BEGIN GIVEN INFORMATION

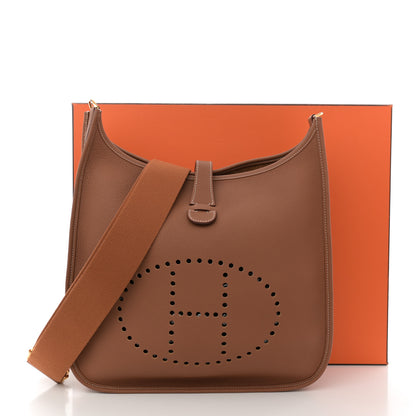 Hermes Taurillon Clemence Evelyne III GM Gold 12 of 12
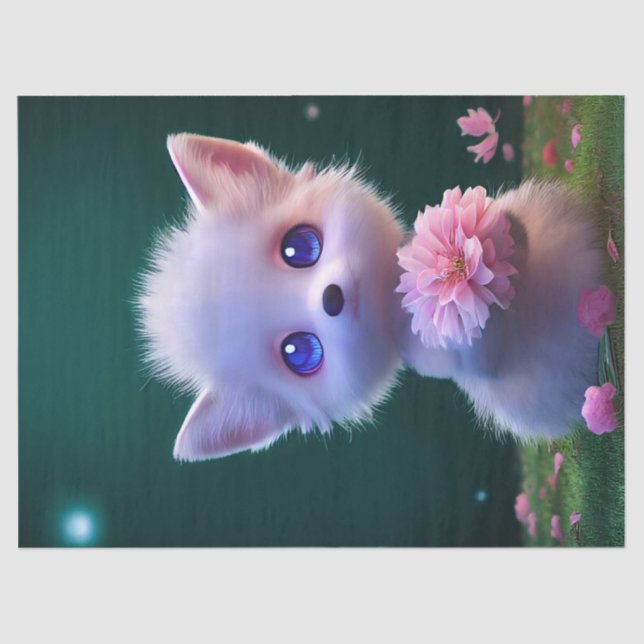 Cute White Baby Fox With Pink Flowers Decoupage Tissue Paper (Front)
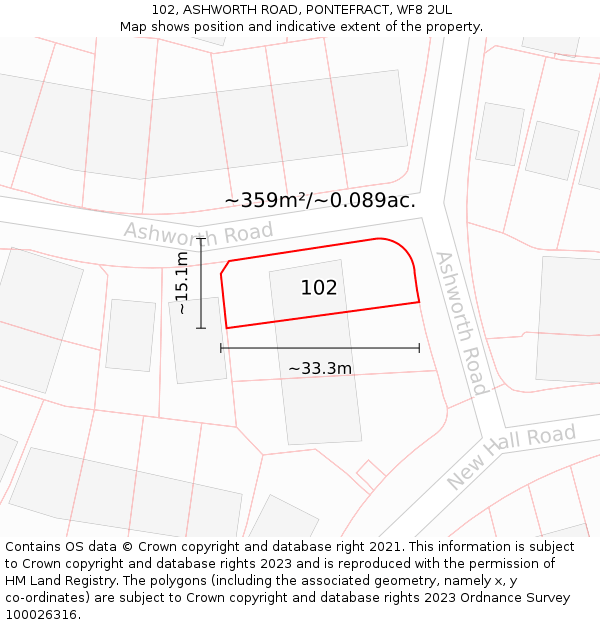 102, ASHWORTH ROAD, PONTEFRACT, WF8 2UL: Plot and title map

END GIVEN INFORMATION

● **PROBLEM TO SOLVE**
In your copy, leave out the pictures and reproduce the material above exactly.

● **TASK OUTPUT**
 Hermes Taurillon Clemence Evelyne III GM Gold 12 of 12
 Cute White Baby Fox With Pink Flowers Decoupage Tissue Paper (Front)
 102, ASHWORTH ROAD, PONTEFRACT, WF8 2UL: Plot and title map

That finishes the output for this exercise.